Many of my classmates weren't so lucky. They dropped out of school and, driven by a lack of hope and resources, too many made poor choices presented in their immediate environment and ended up involved on the wrong side of the criminal justice system.

New Jersey's segregated schools are not a political issue. They are a civil rights crisis.

Schools in New Jersey are the sixth most segregated in the nation for African Americans and seventh most segregated for Latinos. Our schools are more segregated than those in the South.

The ability of all children to get a quality education in our public schools is a key part of achieving the American dream. This is part of the dream my parents immigrated to the United States to secure.

New Jersey's students, like my own two children, will compete against children from all over the world. All children, including my own, learn best when they attend diverse schools and can make friends with students from different races, backgrounds, and cultural experiences. It better prepares them for the increasingly multicultural world they will face as adults.

Attacking the problem of school segregation is essential to ensuring every student in our state is equipped to succeed – including children in our urban centers. We should not lose young minds simply because they were raised and educated in Newark, Trenton, East Orange, Jersey City, or Camden.

We've tackled this problem indirectly through enforcement of New Jersey's fair housing laws, known as the Mount Laurel doctrine. During my years as an elected official in Westampton, I have been a forceful advocate for these laws despite fierce opposition.
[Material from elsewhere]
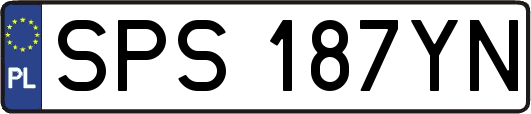 SPS187YN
We now need focused solutions for our segregated classrooms. Gov. Phil Murphy has a historic opportunity to act on this issue.

In May, civil rights groups – including the Latino Action Network and the NAACP – joined with concerned parents to file a landmark lawsuit against the state of New Jersey to integrate our schools.

New Jersey's Constitution was the first in the nation to explicitly prohibit racial segregation in public schools. The N.J. Supreme Court has ruled that even implicit segregation violates students' rights. Mercer County Assignment Judge Mary C. Jacobson has given the governor until the end of August to respond to this lawsuit.

Rather than take an adversarial stance, he should acknowledge the grave constitutional violations occurring in New Jersey's schools and lead the effort to sit down with plaintiffs and work out a plan to begin the process of integrating our schools. This will not only save taxpayers the expense of protracted litigation, it will also allow us to start focusing on solutions.

I was encouraged that the governor issued a statement recognizing the deep segregation in our schools shortly after the lawsuit was filed in May. Now, he needs to breathe life into those progressive words and follow up with concrete actions.

The children of New Jersey have waited long enough. Now is the time for the grown-ups to resolve one of the central civil rights challenges confronting our state.

Carolyn V. Chang is the immediate past president of the Association of Black Women Lawyers of New Jersey (ABWL) and currently serves as chair of ABWL's Social Justice Committee. She served as a member of the Westampton Township, Burlington County, governing body, where she was mayor from 2013-2016.